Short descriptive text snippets
============================================================

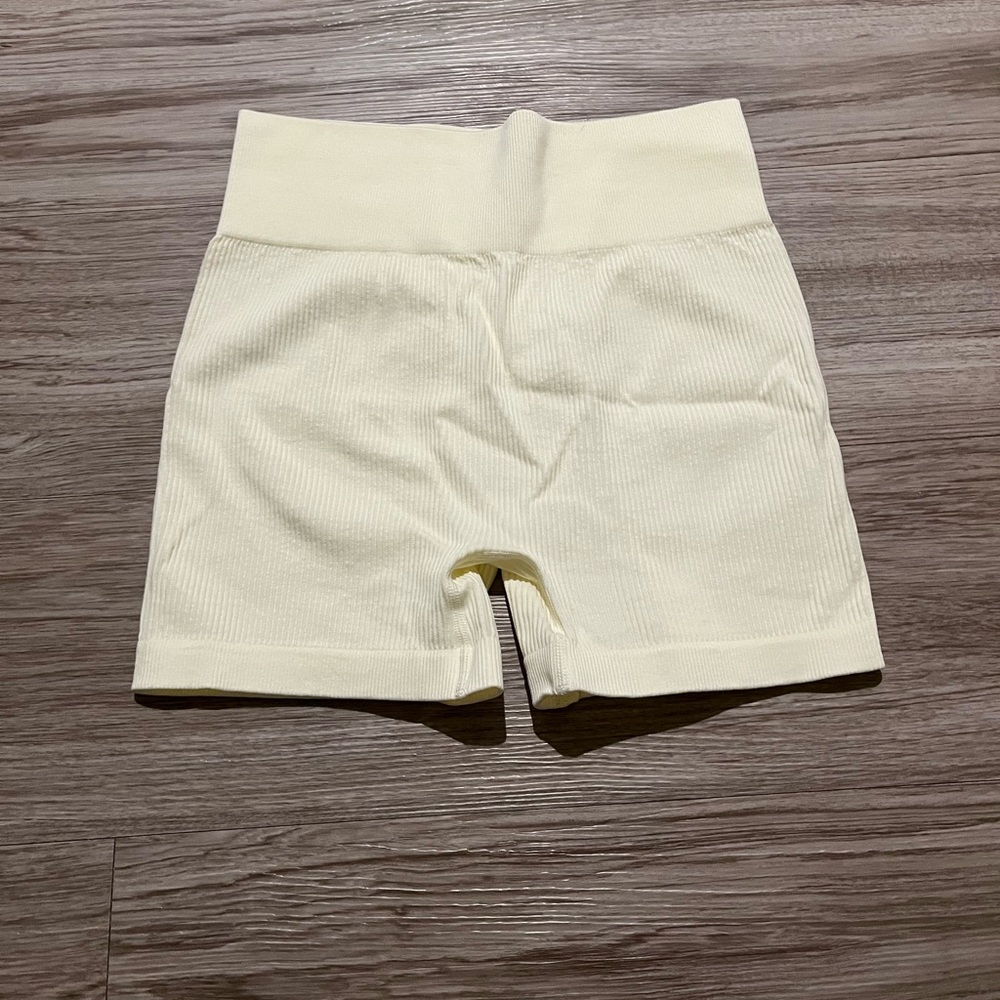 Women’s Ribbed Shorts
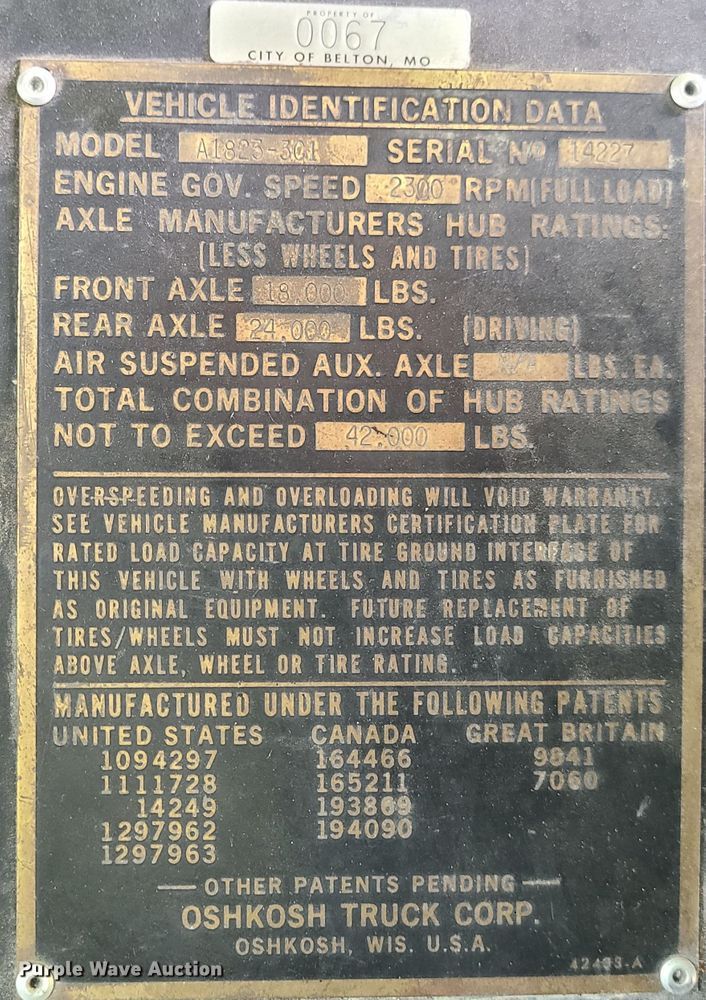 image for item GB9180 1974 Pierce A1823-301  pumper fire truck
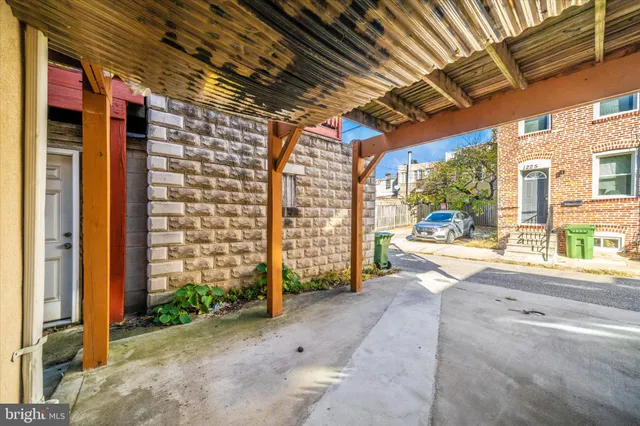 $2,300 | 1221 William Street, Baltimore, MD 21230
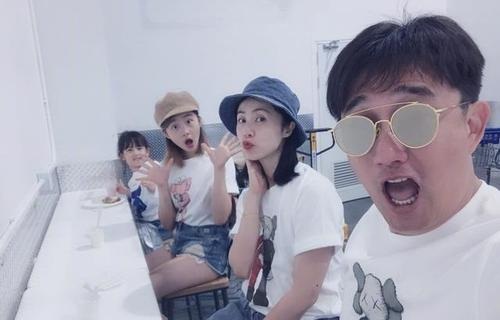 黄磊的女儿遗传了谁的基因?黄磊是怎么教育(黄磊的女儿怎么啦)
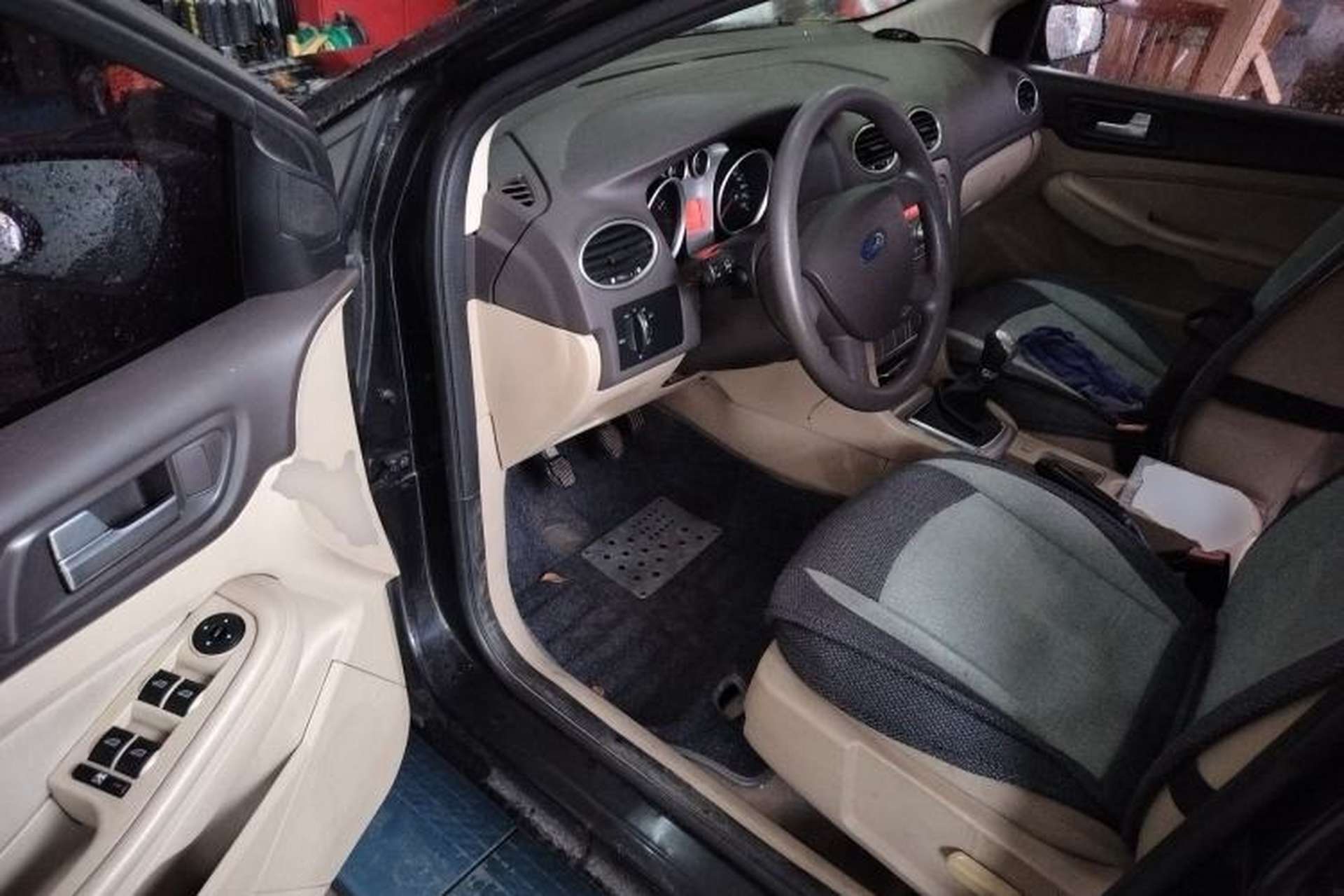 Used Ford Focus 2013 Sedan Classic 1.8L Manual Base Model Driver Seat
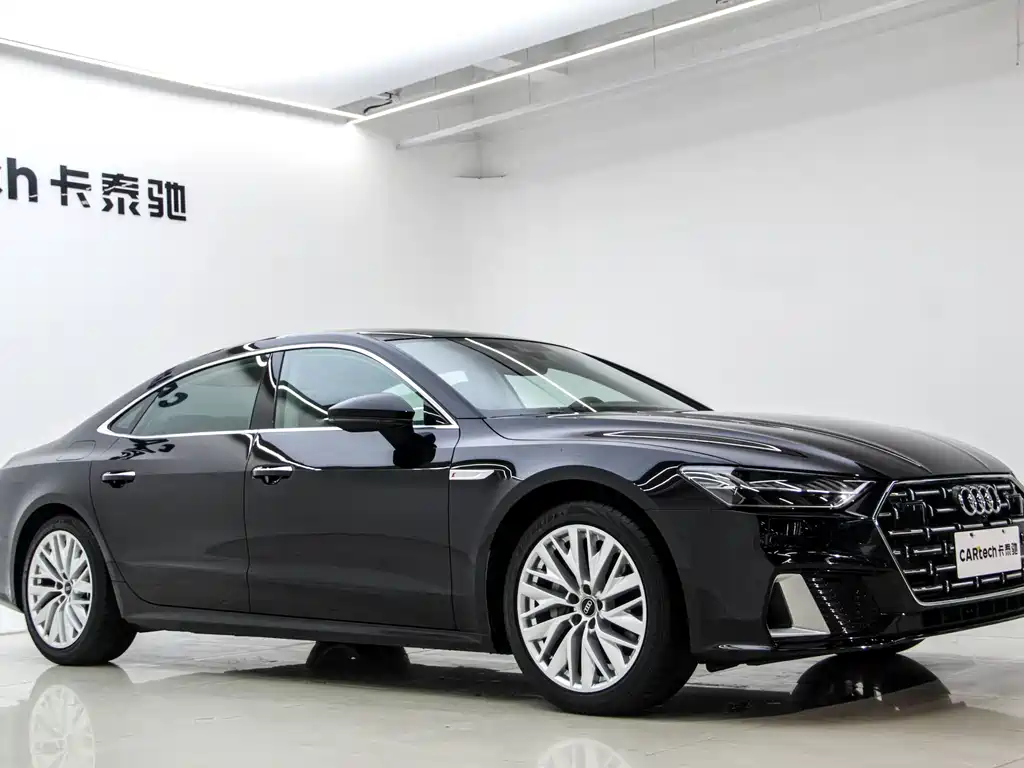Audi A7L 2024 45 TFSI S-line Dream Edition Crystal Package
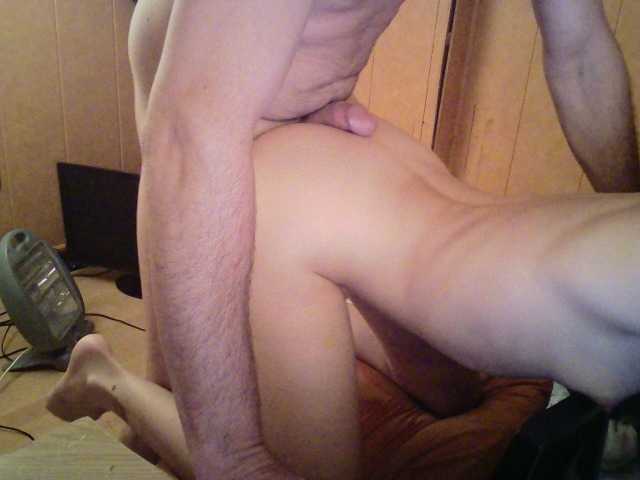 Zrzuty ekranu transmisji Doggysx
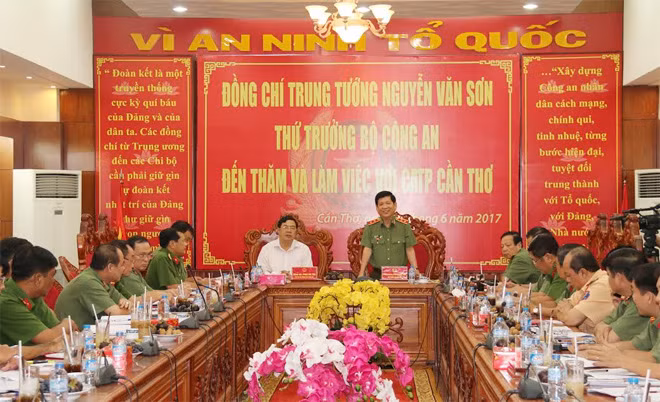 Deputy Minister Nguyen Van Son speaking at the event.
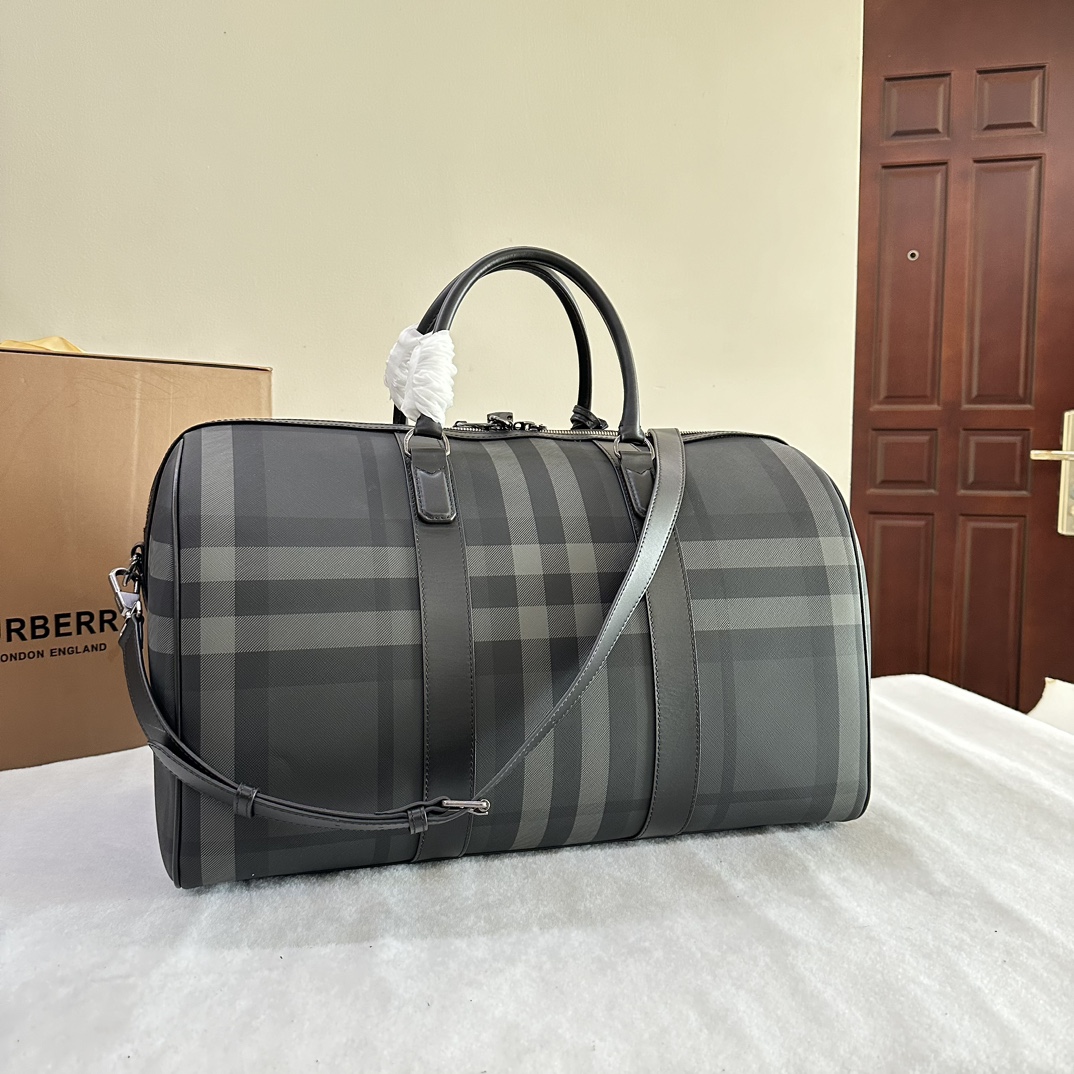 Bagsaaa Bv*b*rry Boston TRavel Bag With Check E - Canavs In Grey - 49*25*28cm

============================================================

Exercise requirements
Where pictures appear, omit them, and transcribe exactly, with nothing else, the lines from the line with "image for item" through the final line of the records above, both ends included.

Reply
 image for item GB9180 1974 Pierce A1823-301  pumper fire truck
 $2,300 | 1221 William Street, Baltimore, MD 21230
 黄磊的女儿遗传了谁的基因?黄磊是怎么教育(黄磊的女儿怎么啦)
 Used Ford Focus 2013 Sedan Classic 1.8L Manual Base Model Driver Seat
Audi A7L 2024 45 TFSI S-line Dream Edition Crystal Package
 Zrzuty ekranu transmisji Doggysx
 Deputy Minister Nguyen Van Son speaking at the event.
 Bagsaaa Bv*b*rry Boston TRavel Bag With Check E - Canavs In Grey - 49*25*28cm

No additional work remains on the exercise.